** Opening DATA block **

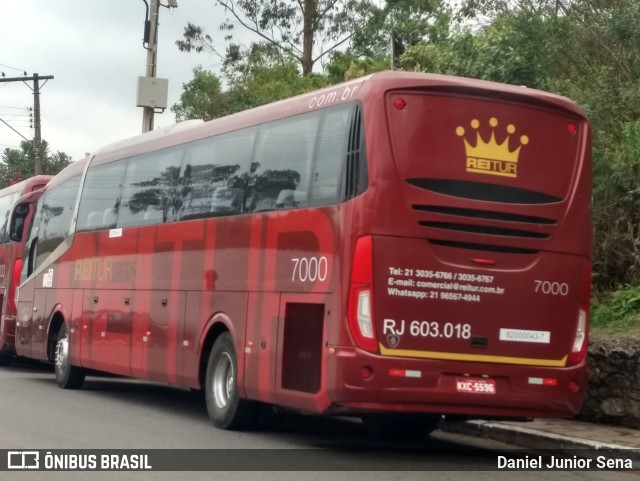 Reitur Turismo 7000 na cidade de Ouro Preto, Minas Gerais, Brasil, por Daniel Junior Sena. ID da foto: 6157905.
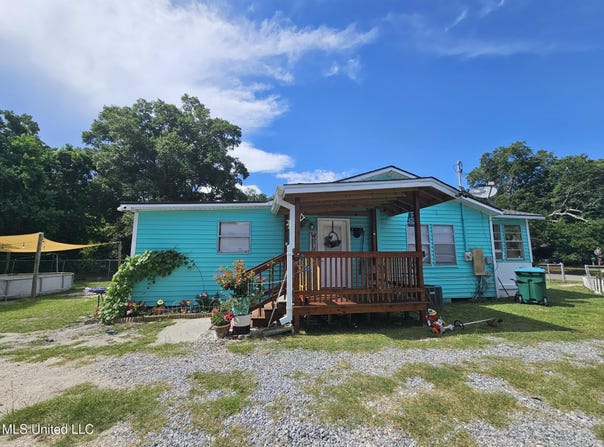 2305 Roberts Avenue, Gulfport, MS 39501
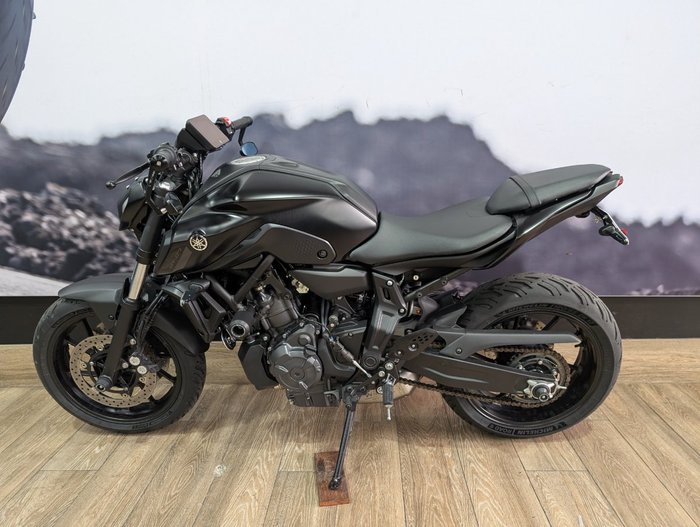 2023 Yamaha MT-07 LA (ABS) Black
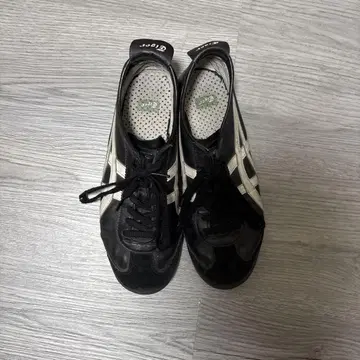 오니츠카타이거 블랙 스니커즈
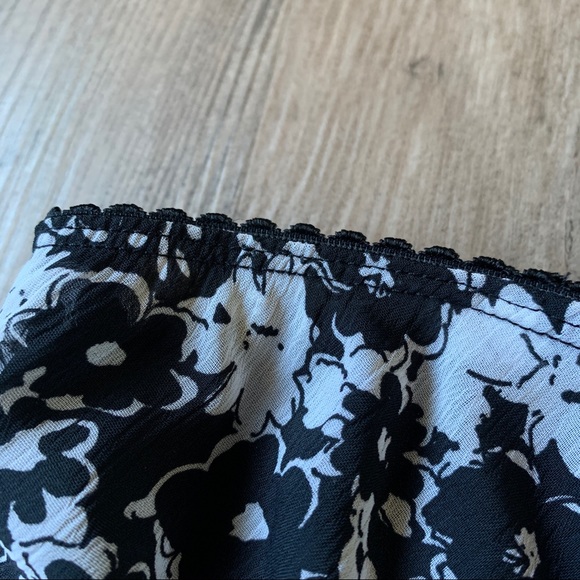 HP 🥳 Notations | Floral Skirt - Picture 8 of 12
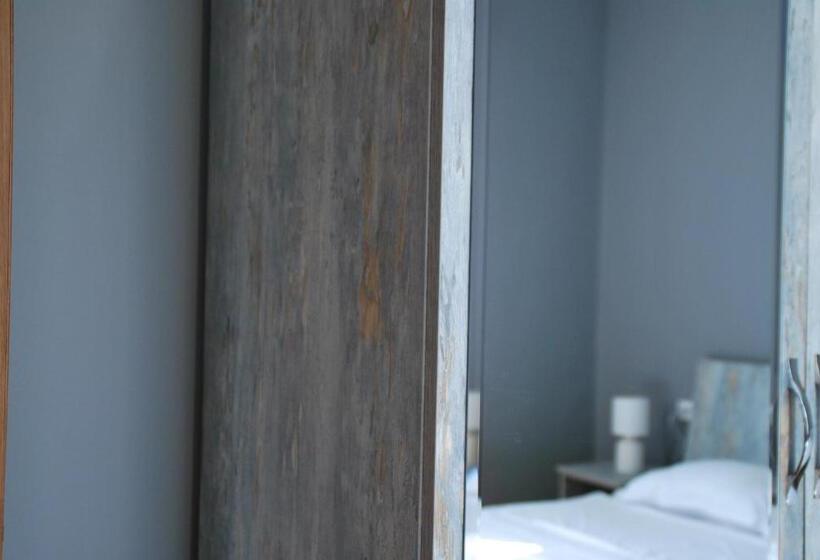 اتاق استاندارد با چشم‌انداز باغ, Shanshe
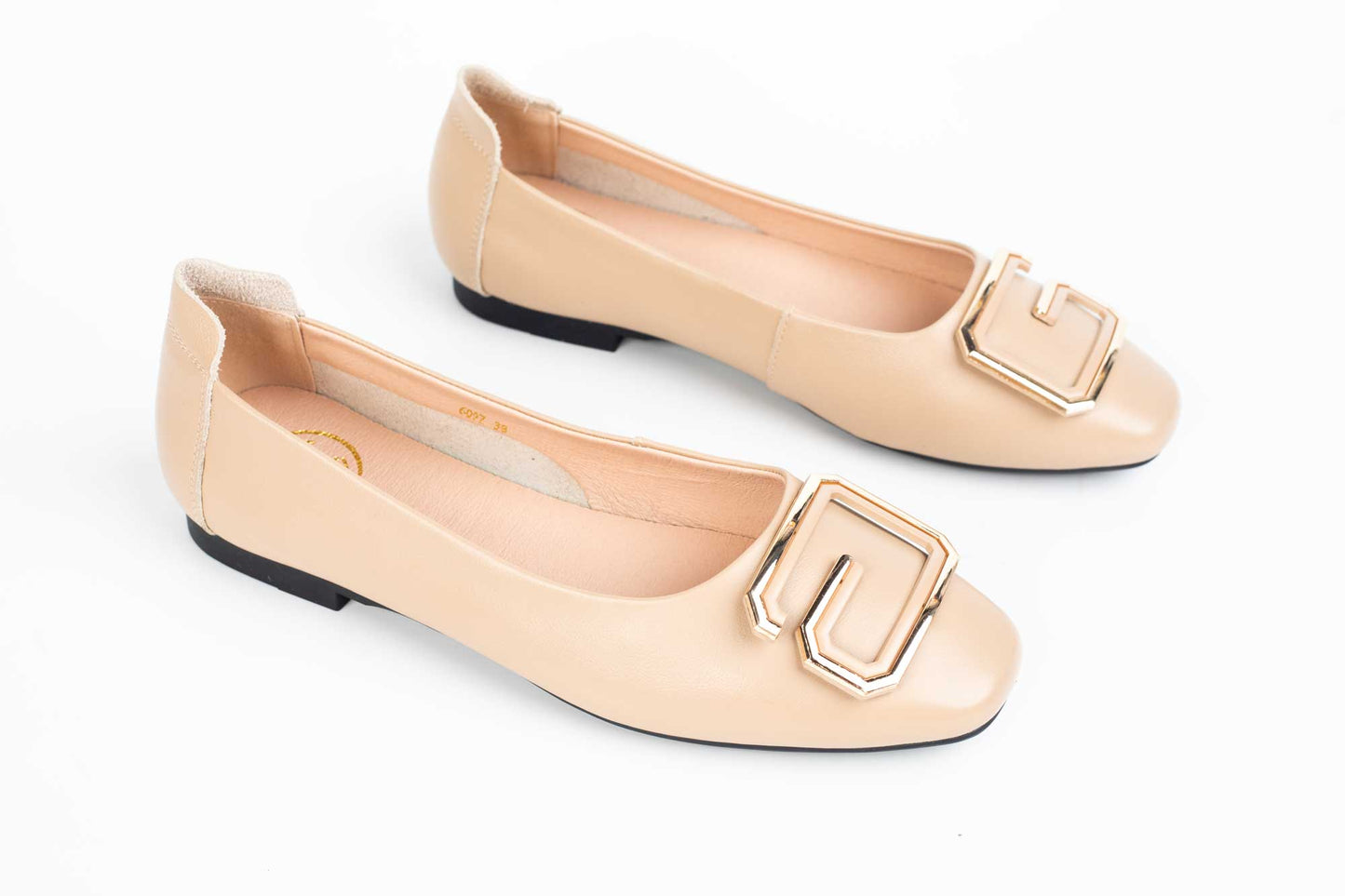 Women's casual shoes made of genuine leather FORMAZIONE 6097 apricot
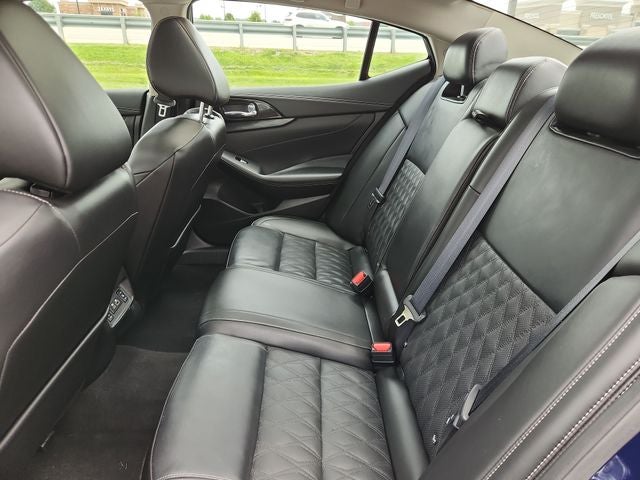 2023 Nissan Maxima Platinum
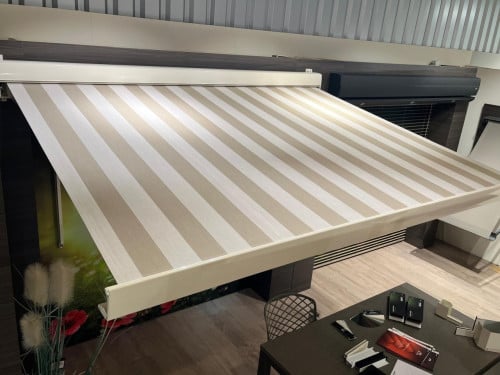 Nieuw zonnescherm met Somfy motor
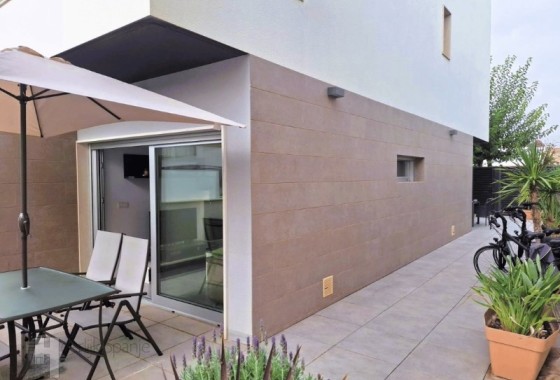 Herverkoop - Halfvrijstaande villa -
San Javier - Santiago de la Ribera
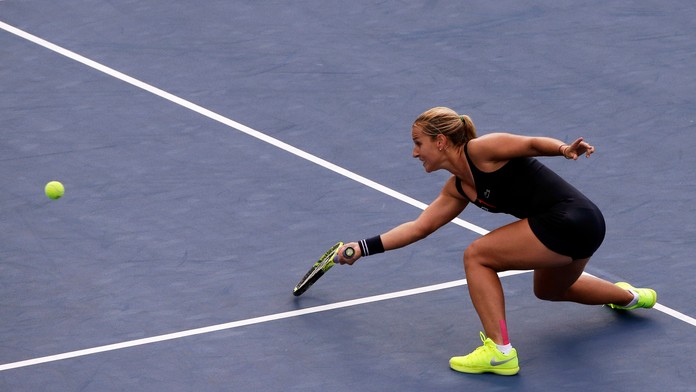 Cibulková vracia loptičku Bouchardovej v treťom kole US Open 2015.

** Closing DATA block **

**WHAT IS EXPECTED:**
Quote, without alteration, the lines running from the line containing "Nieuw zonnescherm met Somfy motor" to the last line of the entries, and include no pictures.

**SOLUTION TO THE EXERCISE:**
 Nieuw zonnescherm met Somfy motor
 Herverkoop - Halfvrijstaande villa -
San Javier - Santiago de la Ribera
 Cibulková vracia loptičku Bouchardovej v treťom kole US Open 2015.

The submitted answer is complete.